• Task
Extract the lines of the material below, beginning with the first and ending with the line that holds "Historic City Map". Skip every picture.

• Supplied data
+--

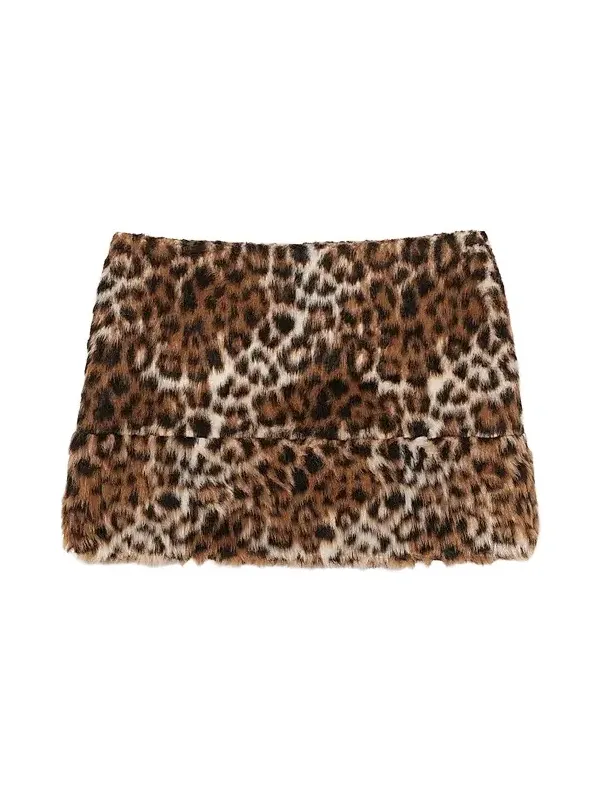 Women's Faux Fur Leopard Mini Skirt Women's Faux Fur Leopard Mini Skirt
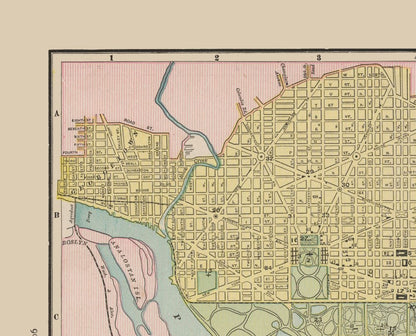 Historic City Map - Washington DC - Cram 1892 - 28.49 x 23 - Vintage Wall Art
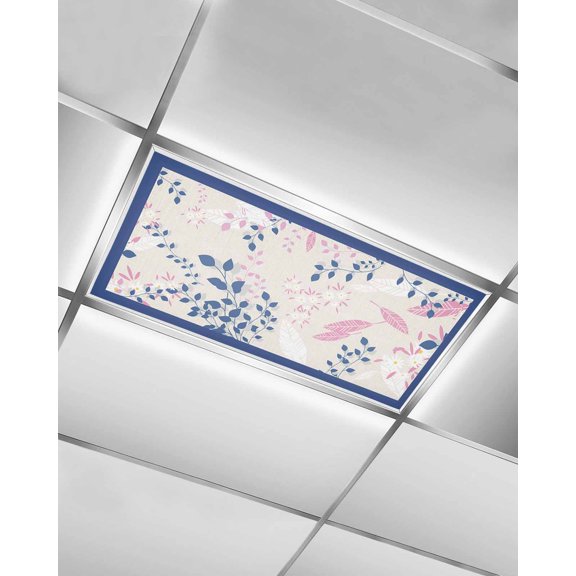 Fluorescent Light Covers for Ceiling Lights 1 Pack, Blue Pink Botanical Magnetic Ceiling Light Covers 2x4ft for Classroom Office School, Rustic Summer Spring Floral Boho Drop Ceiling Light Shade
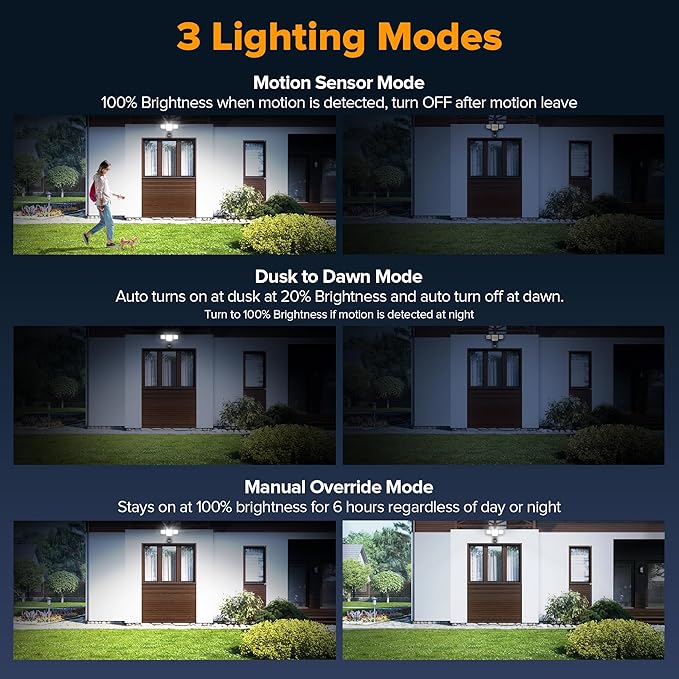 LUTEC 80W 9000LM LED Security Lights Motion Sensor Outdoor Lights, 4 Head LED Flood Light Outdoor 5000K Daylight, IP65 Waterproof, Motion Detected Light for Outside, Garage, Yard - 2 Pack (Black)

+--

• Solution to the exercise
 Women's Faux Fur Leopard Mini Skirt Women's Faux Fur Leopard Mini Skirt
 Historic City Map - Washington DC - Cram 1892 - 28.49 x 23 - Vintage Wall Art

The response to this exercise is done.